It is less than 2 weeks since the “Memcached” reflection/amplification vulnerability became widely known and DDoS attackers began exploiting unprotected Memcached servers to launch massive denial-of-service attacks against target organizations.
The record for the largest DDoS attack ever reported has been broken twice in the last week. The bar was raised from ~800Gbps (DYN in October 2016) to 1.34Tbps (GitHub) and upwards to 1.7Tbps (undisclosed US Service Provider). These attacks have understandably been the focus of mainstream news headlines. At Corero, we’ve also seen a surge in in these larger DDoS attacks; all of them have been amplified by the Memcached vector.
Last week, our Corero SecureWatch® Team released a Threat Advisory after seeing a steady ramp in reflective Memcached attacks (Reflective UDP on port 11211).
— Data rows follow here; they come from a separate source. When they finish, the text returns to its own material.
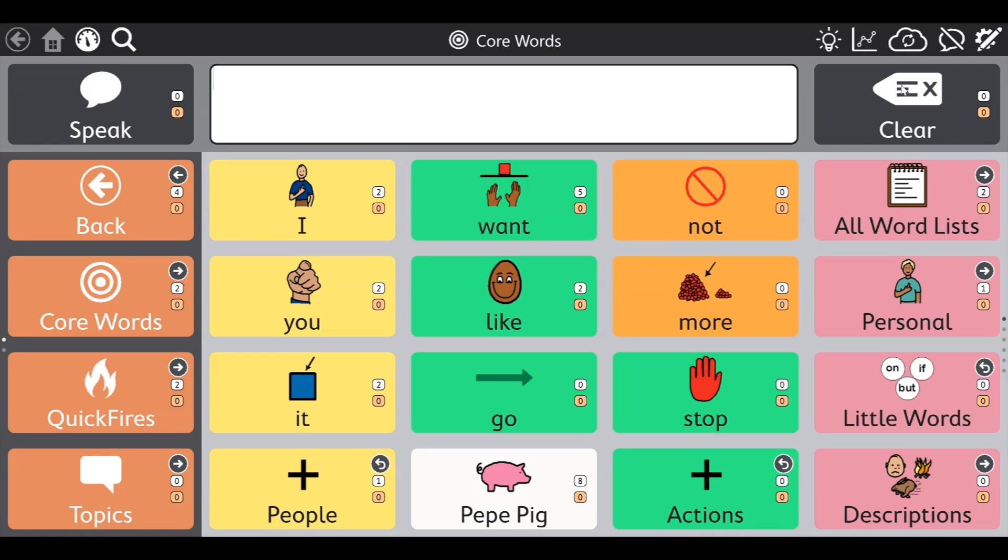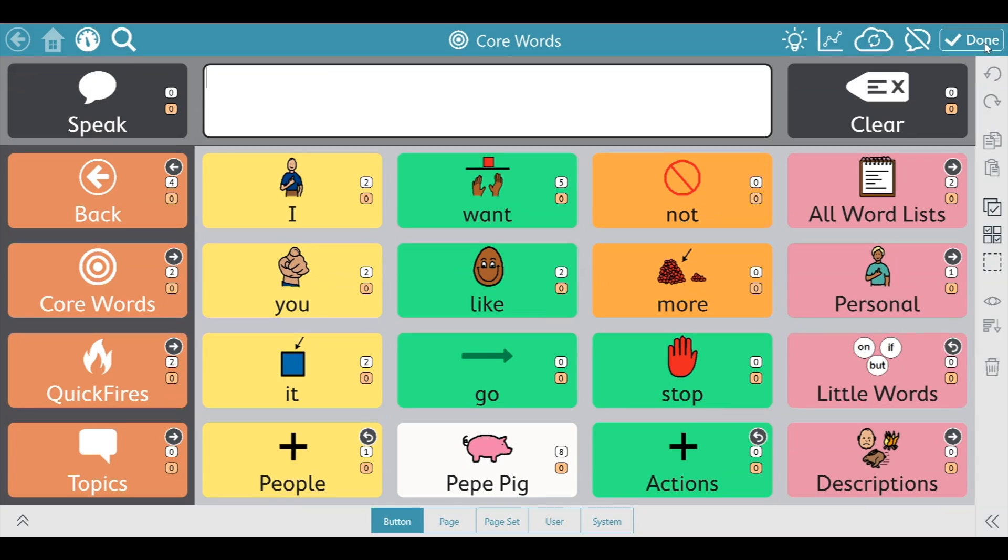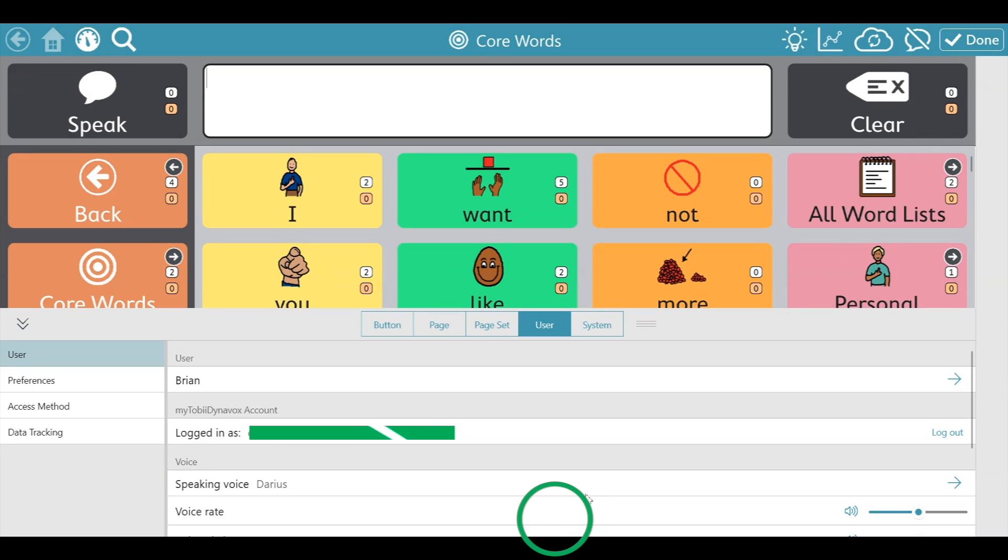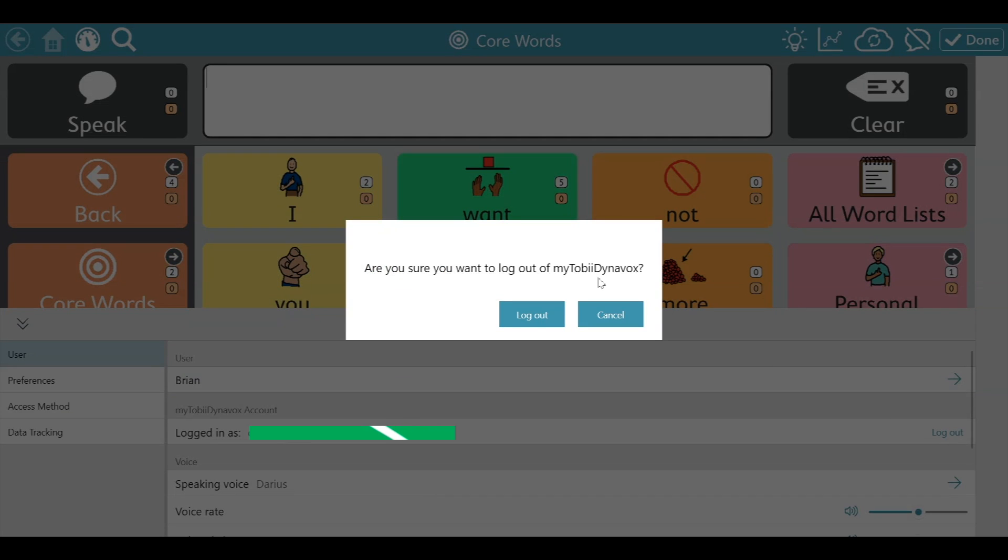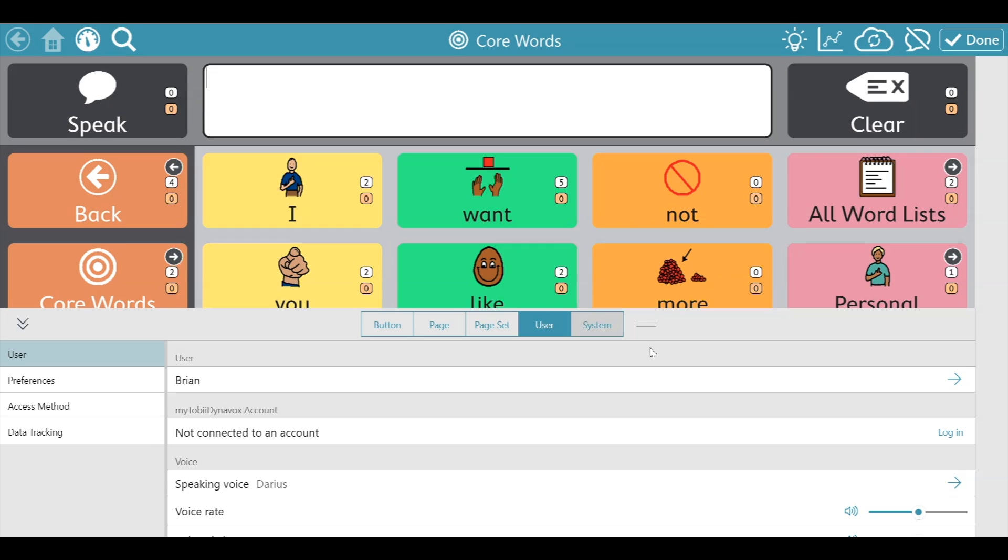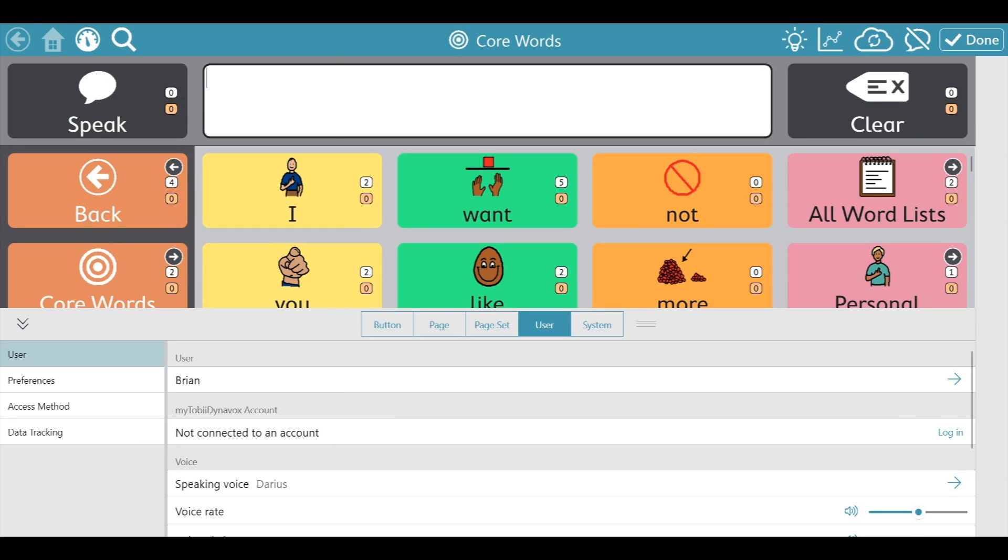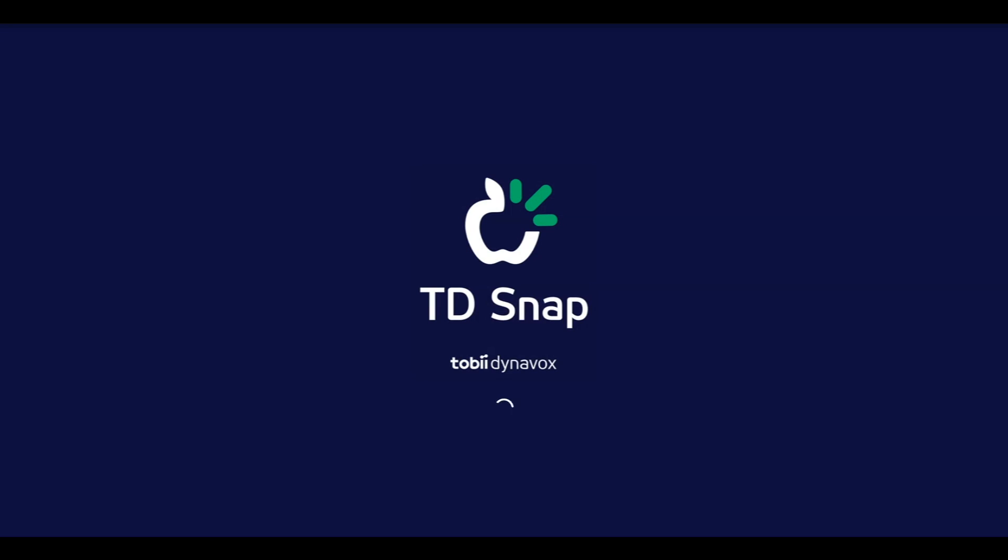Let's go back to TD Snap. Make sure we're logged out. Press log out. Here we can see that we're not connected to an account. Let's close out the application and reopen TD Snap.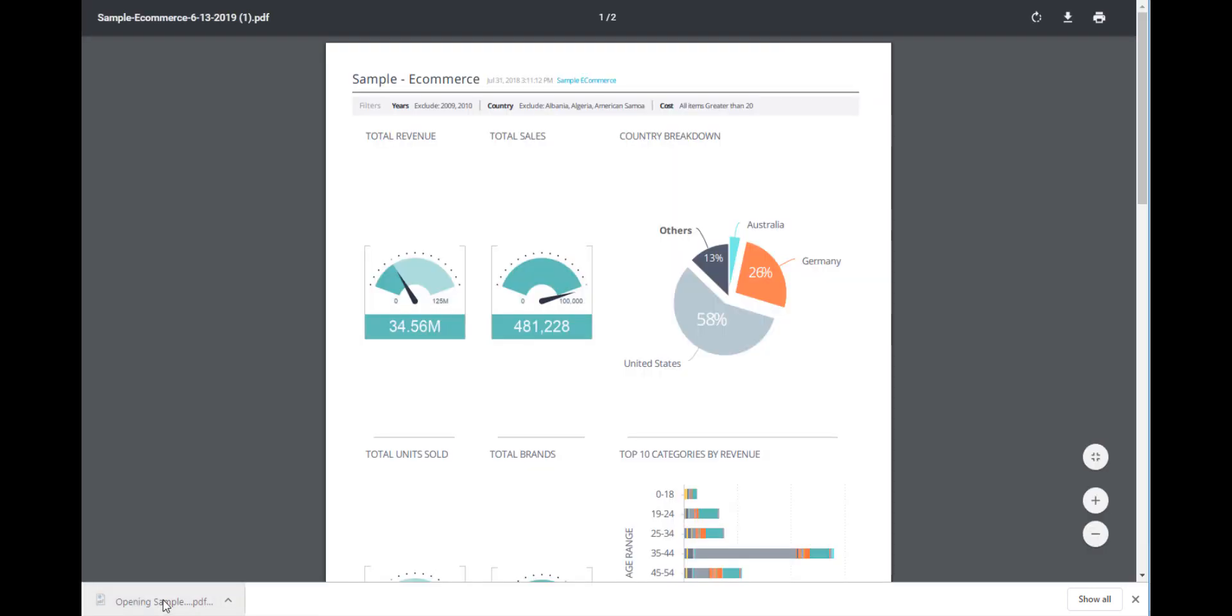The PDF is ready. Now we can see it's a one-to-one match with all the indicators at the top, the map, the pie chart, and the graphs at the bottom.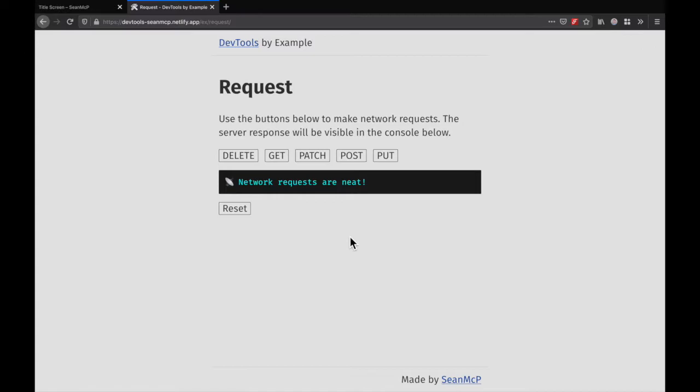XHR, or XML HTTP requests, are network requests from the client to an API. XHRs let your application communicate with other programs. When debugging requests, it's nice to be able to set XHR breakpoints to see when your code makes a request and what happens next.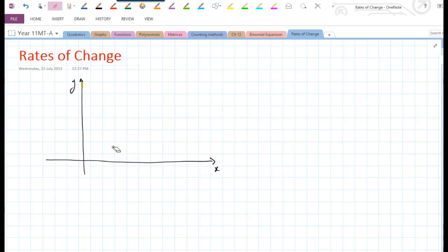In this section we're going to be looking at rates of change — rates of change with relation to two variables. We'll look at the relationship between them and ascertain whether we've got a positive rate of change, i.e. it's increasing, or a negative rate of change. Let's have a look at some examples.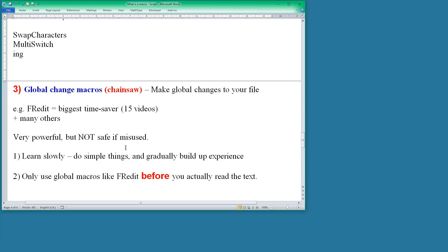But two things I would say in using these global macros to really save yourself time. One is to learn slowly. Do simple things and gradually build up your experience of using the macros. So Freddit, use it for simple things and then slightly more complicated things and gradually build up and use them for more and more things.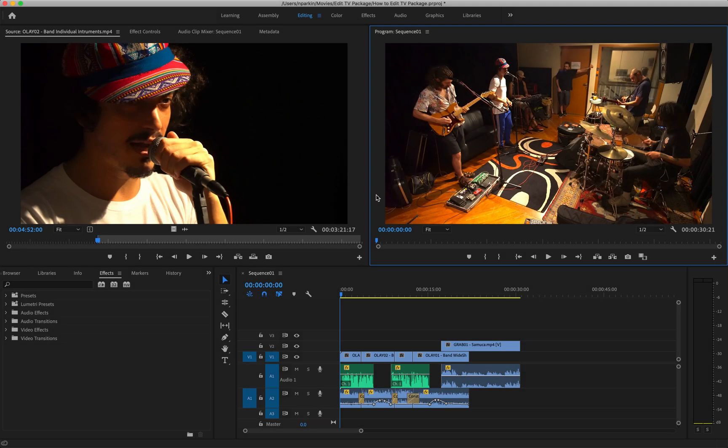Here's a tutorial for Adobe Premiere Pro on how to export your video. I'm going to go through the settings that I use to get really good video quality for uploading to YouTube.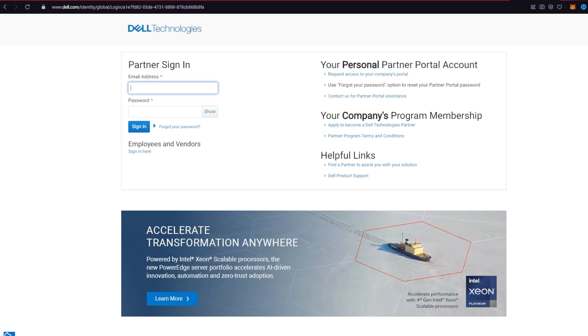Press the notification bell so that you never miss another upcoming upload from us. Actually it's pretty easy to log into your Dell partner portal account.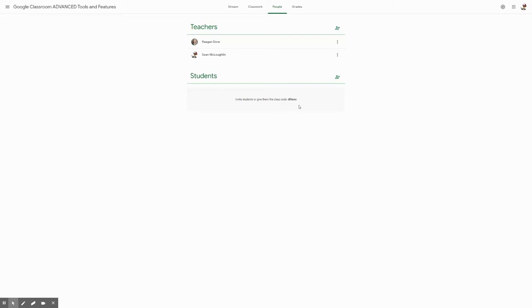So if that student shares teachers for math, science, social studies, and ELA, as long as the other teachers have enabled guardian summaries on their Google Classroom as well, the parent only has to accept it once and they'll also receive emails from those other subject areas.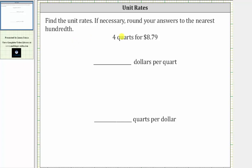We're asked to find the given unit rates and round to the nearest hundredth, or two decimal places if necessary. We are given we can purchase four quarts for $8.79. We first want to find the unit rate in dollars per quart, and then the unit rate in quarts per dollar.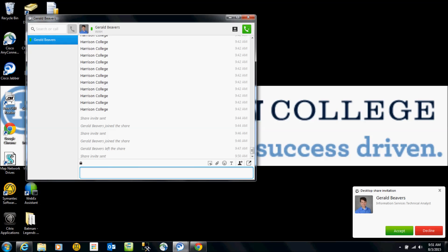Okay, now I'm the recipient of the invitation, meaning that I'm going to now view somebody else's screen. So what happens is, this is what the invitation looks like. If you look on the bottom right, I now have a share invitation, so I'm going to go ahead and accept this.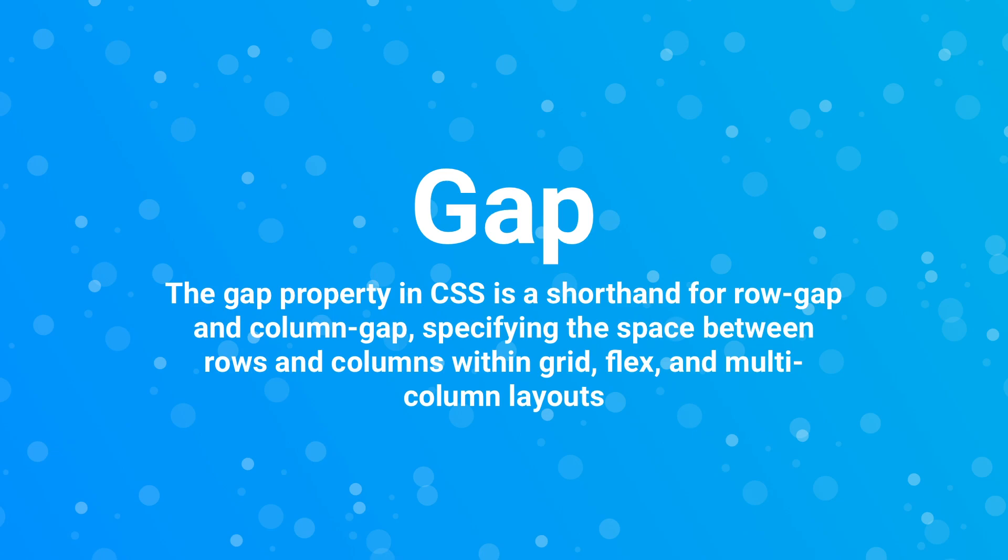Now, this property is called gap, which is actually a shorthand for the property of column gap and also the property of row gap. You can think of it as something very similar to how you have with margin and padding, where you can define either padding top, padding right, padding bottom, or padding left, or you can simply use the property of padding.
This exploit uses a reflective method in which the attacker makes a spoofed request (where the source IP address is that of the intended victim) to a Memcached server, which then replies to the victim with a large response. Amplification factors of 50,000 times are believed to be possible using this exploit.
Corero’s advisory coincided with delivering “zero day” protection to SmartWall® customers which detects and mitigates these attacks in less than 2 seconds. In contrast, the GitHub attack reportedly took around 10 minutes to mitigate. Undoubtedly, this meant that GitHub’s service was disrupted risking reputational damage.